Teams are easy to use: Launchpad doesn't impose rules or a particular workflow on how you use your teams. Although most teams are associated with a particular project, there isn't a formal link.
Anyone can create a team. To get going, visit the new team page. You'll probably notice that creating a team is very similar to registering a user account. This isn't a coincidence: teams and people work in the same way throughout most of Launchpad.
Of course, there are some differences. When you first register a team, keep an eye out for:
Membership policies: whether you want the team inclusive to anyone or exclusive to a few people control something in Launchpad.
Subscription period: (optional) Set a period when membership expires.
Membership renewals: (optional) Choose how expired members renew their membership.
You can change any of these details later using the Change details link on your team's overview page.
Private (proprietary) teams
When you maintain a project with a commercial subscription, you will see the visibility field on the team registration and "Change details" pages.
Visibility: You can choose "Private" hide the team from non-members.
You may be able to change a "Public" team to a "Private" team if it is not subscribed or own something that can only be public. Once the team is in a public relationship, it cannot ever be made "Private" Private team cannot ever be made "Public". Do not choose to make team "Private" if you want it to be public in the future.
Non-members team cannot see that the team exists in Launchpad. Non-members cannot see any of the team's pages. Private teams can choose to be in some public relationships, such as subscribed to a public bug, but doing so requires the team to agree to reveal its Launchpad Id and other unique attributes. This rule ensures that no one can spy on others. Private teams have additional privileges:
Mailing List: The team can have a private mailing list that has a private list archive that only team members can view.
P3A: The team can have many private personal package archives (sometimes called P3As) to distribute packages.

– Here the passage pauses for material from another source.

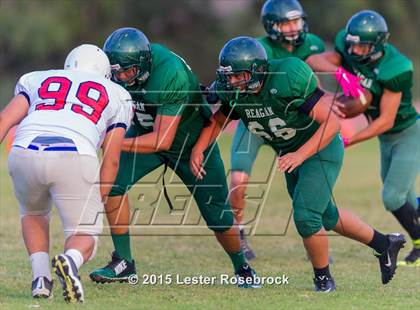 Thumbnail 3 in Roosevelt vs Reagan JV B photogallery.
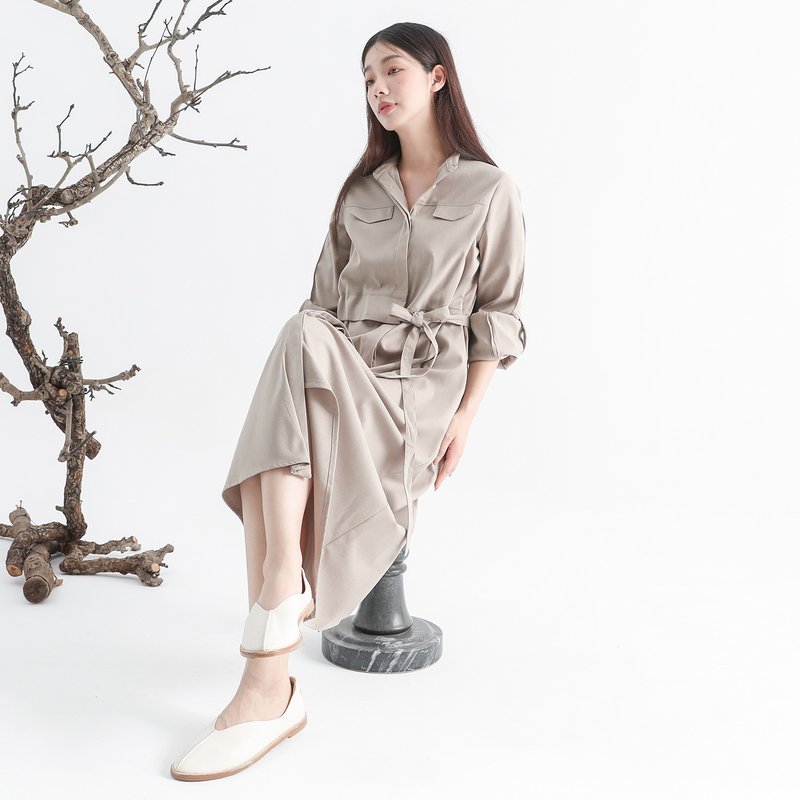 [Classic original] Outstand_unparalleled asymmetrical Khaki - ชุดเดรส - เส้นใยสังเคราะห์ สีกากี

Non-member subscribers to an archive may know the team's Launchpad-Id
Branches Code branches pushed to the team's personal repository are Proprietary, visible only to the team.
Branches pushed to a project may also be visible to anyone that the project shares Proprietary information with.
Branding your team
Branding is one of the ways in which teams are similar to people. Similar to your own Launchpad account, you can upload images to help others identify pages associated with your team:
Icon: this shows up in listings wherever your team's name is mentioned - e.g. on a team member's profile. Must be 14x14 pixels and no more than 5KB.
Mugshot: appears on the team's profile page. Must be 192x192 pixels and no more than 100KB.
What team membership means
It's up to you what membership of your team means. Some teams exist to give people the chance to make a public declaration while others grant access to privileged parts of a project's activity.
In general, members of your team get:
- Upload rights for all of the team's code branches
- Permission to upload and build Ubuntu packages in the team's PPA
- Optional access to the team's mailing list
- Any access that comes with a role taken by the team (e.g. project maintainer).
- Disclosure of all confidential information shared with the team
There are also two special types of membership for people who run your team:
Administrator: Can add, approve or reject members. They can subscribe the team to bugs, branches, and blueprints.
Owner: The owner can change the team's description and membership rules, and appoint team admins. The owner is also an administrator by default, but can choose to leave the team.
These roles can be held by other teams, as well as by people.
There are four kinds ofmembership policy that control who and how a user or team can become a member. The choice of policy reflects the need to build a community (inclusive) versus the need to control control Launchpad projects, branches, and PPAs (exclusive).
Membership is inclusive; any user or team can join, and no approval is required.
Membership is inclusive; any user or team can join, but team administrators approve direct memberships.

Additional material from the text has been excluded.